** Try it **
Only the lines below from the one with "So if we have" through the one with "Now we will" are to be written out, exactly and without any images.

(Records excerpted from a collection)

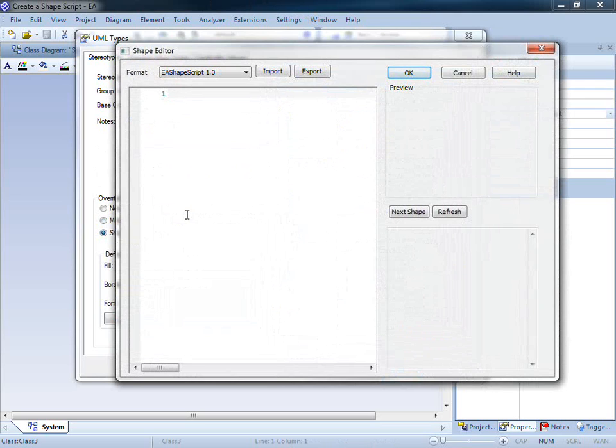The shape editor is used to write our scripts, numbering each line and providing a convenient location to preview our work.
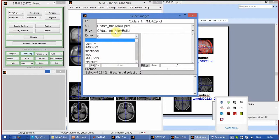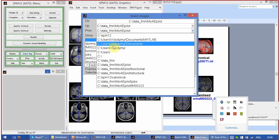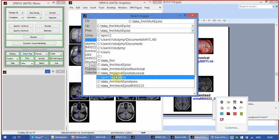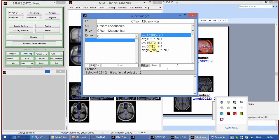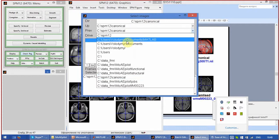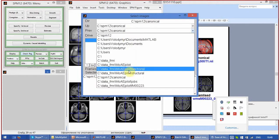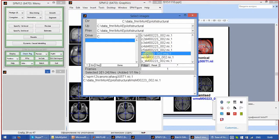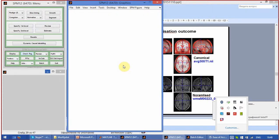Go to structural and pick MS image, which is the bias corrected image. Bias corrected structural image before the normalization. Click done.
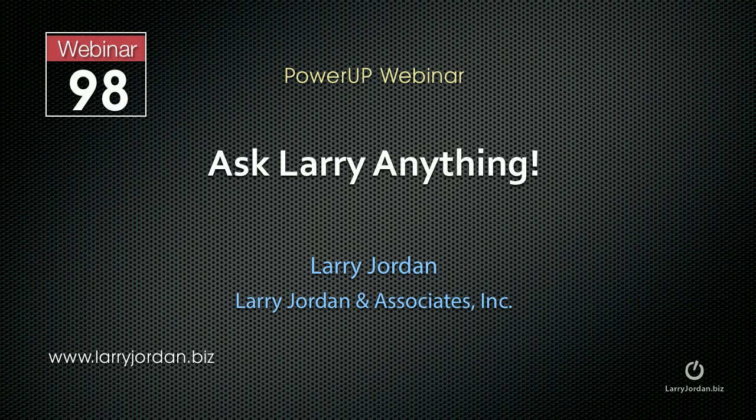Hi, this is Larry Jordan. This is an excerpt of a recent power-up webinar called Ask Larry Anything, where I get to answer questions from viewers. For instance, this one.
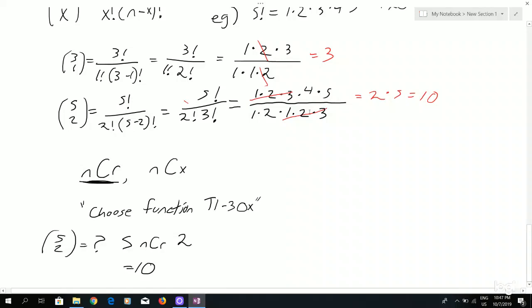So if your finger slips and you push the wrong button, your intuition will kick in when you see that answer and you'll think, okay, something's off here.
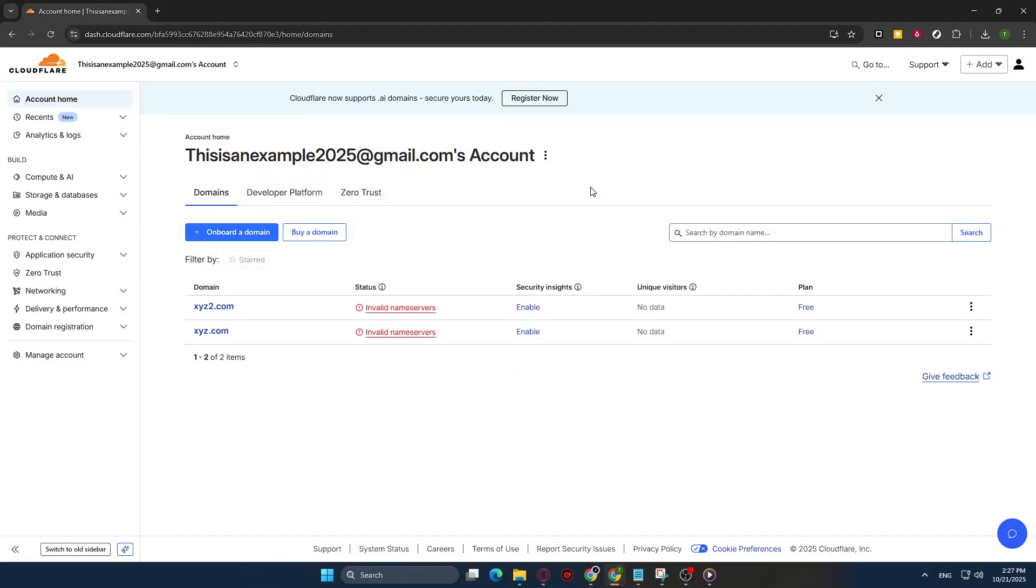In today's video, I'm going to teach you how to create a web application firewall rule using Cloudflare. This might sound a bit technical if you're not familiar with Cloudflare or web security, but don't worry, I'll guide you through each step to make it as easy and accessible as possible.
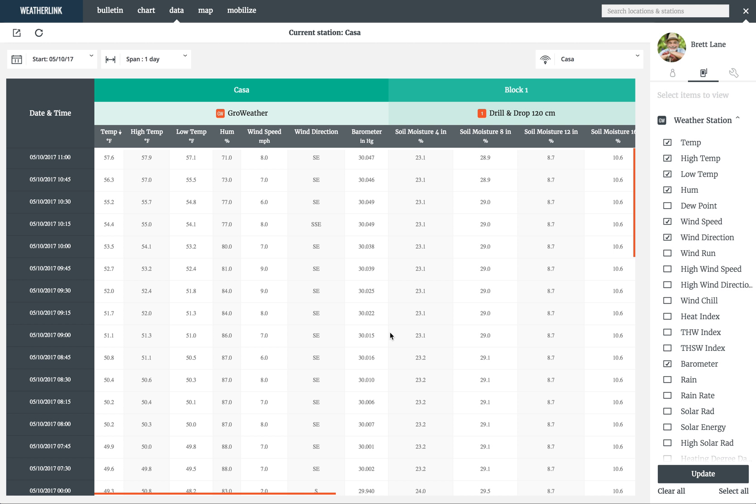That is an overview of the weatherlink.com data page. Enjoy exploring your data.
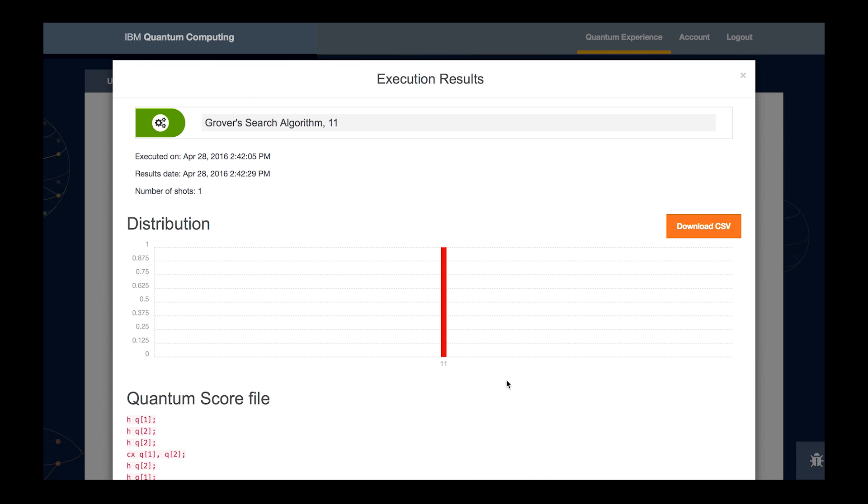In this case, what we found is with the single shot of running Grover's algorithm, we found 1-1 corresponding to that fourth slot where we hid the queen. With just a single run of Grover's algorithm, we were able to find the queen. Whereas in the case of classical card playing, it would have taken us two and a quarter tries to find it.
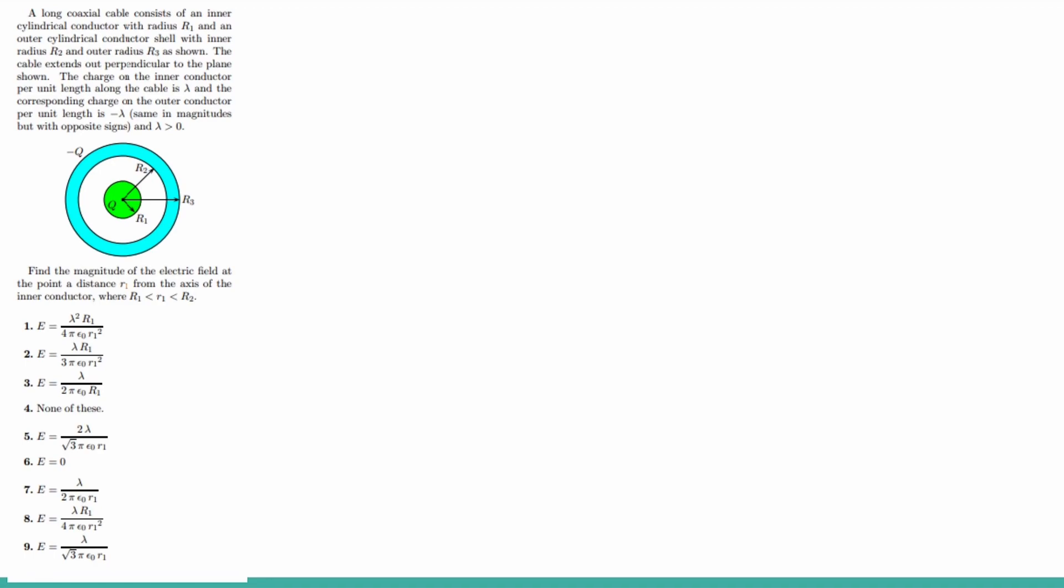It says a long coaxial cable consists of an inner cylindrical conductor with a radius R1 and an outer cylindrical conductor shell with an inner radius R2 and the outer radius R3, as shown. The cable extends out perpendicular to the plane, as shown. The charge on the inner conductor per unit length along the cable is lambda, and the corresponding charge on the outer conductor per unit length is negative lambda.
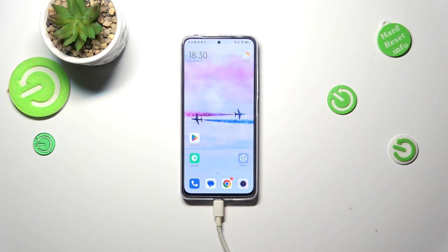All right, so basically that's all. This is how to allow unknown sources on your Redmi Note 11 Pro. Thank you so much for watching. I hope this video was helpful, and if it was, please hit the subscribe button and leave a thumbs up.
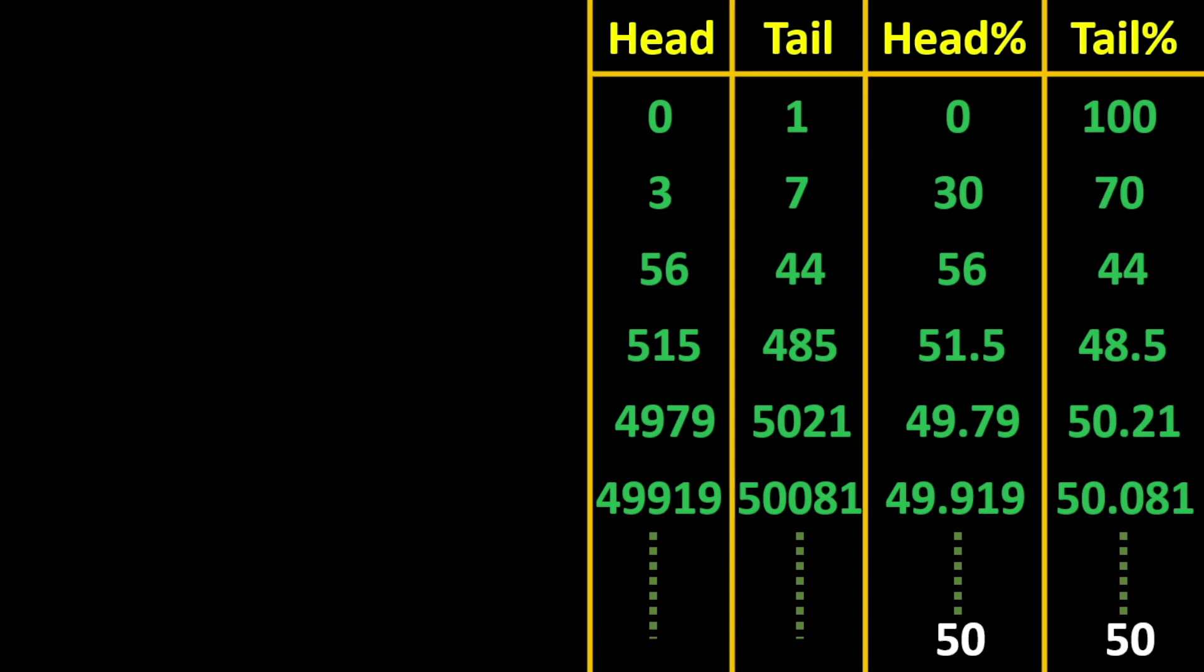So if we have a large number of coin tosses, 50% of them will be heads and 50% will be tails. Now apply this logic to the radioactive nuclei we have over here.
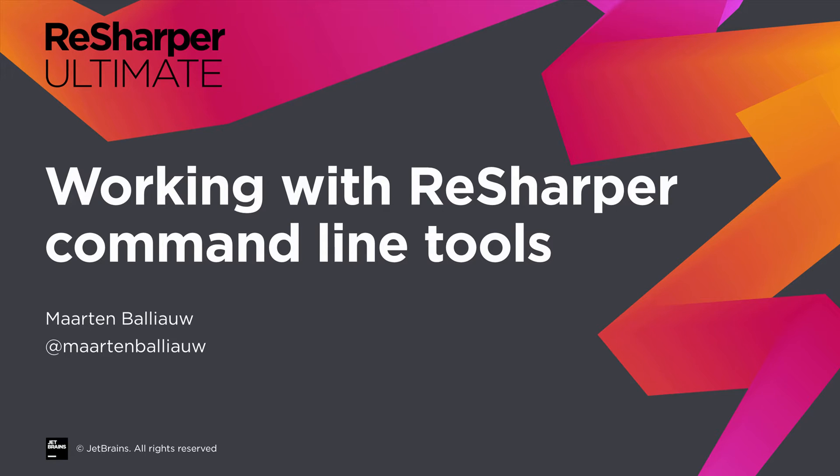The ReSharper command-line tools are a set of free standalone tools that help us automate code quality analysis. In this screencast, we'll look at how these tools work and help us hunt for bad, dead or duplicated code right from the command line or on our CI server.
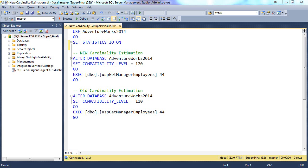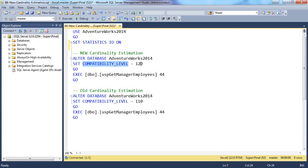Now we will see how new cardinality improves performance of a query. For new cardinality, you need your SQL Server instance of SQL 2014 as well as your database with compatibility level 120. Even though your instance is SQL Server 2014, if your compatibility level is 110, you will still get poor performance.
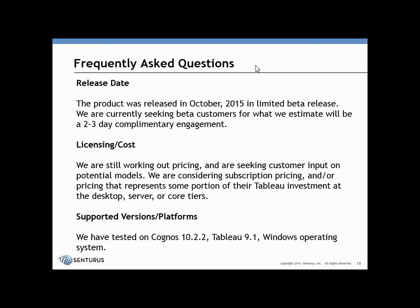Supported versions and platforms: we have tested the product on Cognos 10.2.2, Tableau 9.1, and it works on the Windows operating system. We do expect it will work on earlier versions given that we haven't seen big changes in the ODBC layers on either of these platforms.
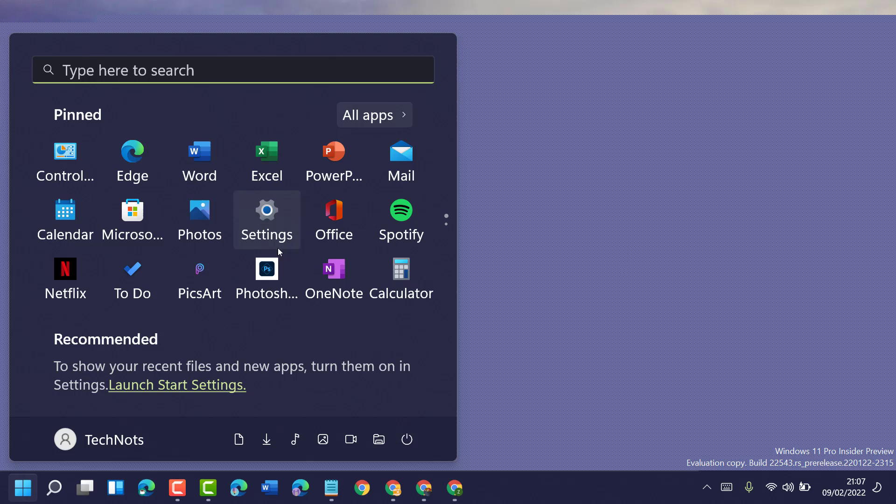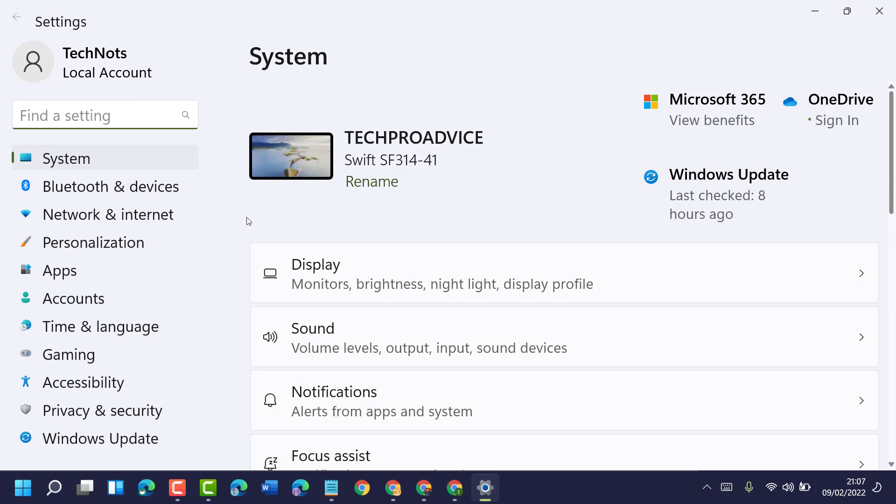As per your requirement, just click on Settings and here click on Accessibility.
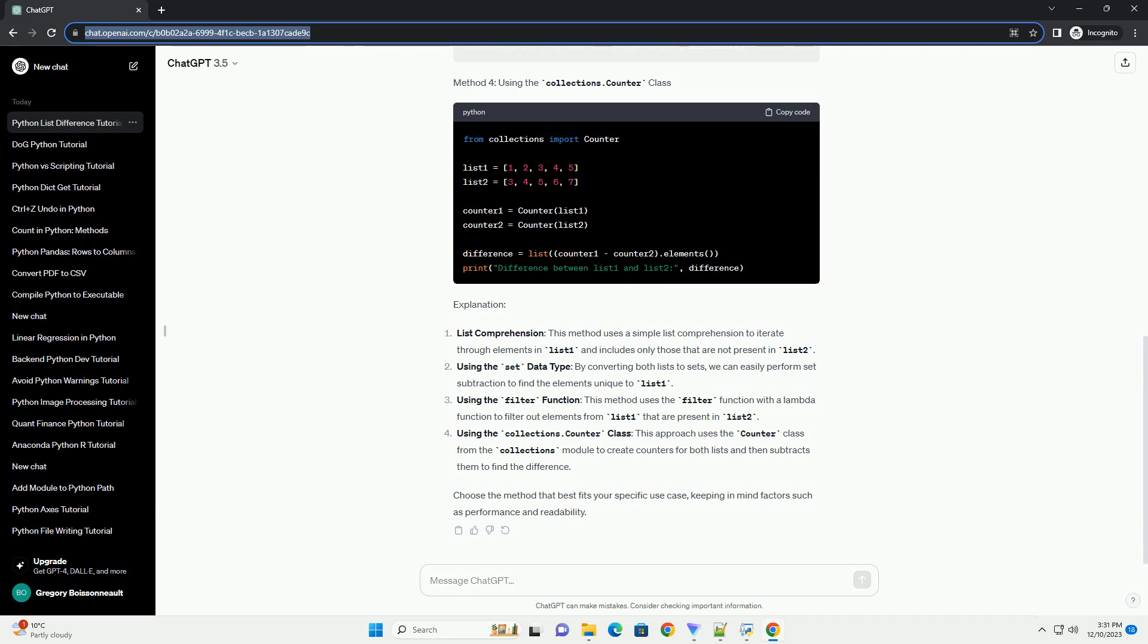Method 1: Using List Comprehension. Method 2: Using the Set Data Type. Method 3: Using the Filter Function. Method 4: Using the Collections.Counter Class.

** Your response **
So if we have a large number of coin tosses, 50% of them will be heads and 50% will be tails. Now apply this logic to the radioactive nuclei we have over here.
The ReSharper command-line tools are a set of free standalone tools that help us automate code quality analysis. In this screencast, we'll look at how these tools work and help us hunt for bad, dead or duplicated code right from the command line or on our CI server.
Now we will see how new cardinality improves performance of a query. For new cardinality, you need your SQL Server instance of SQL 2014 as well as your database with compatibility level 120. Even though your instance is SQL Server 2014, if your compatibility level is 110, you will still get poor performance.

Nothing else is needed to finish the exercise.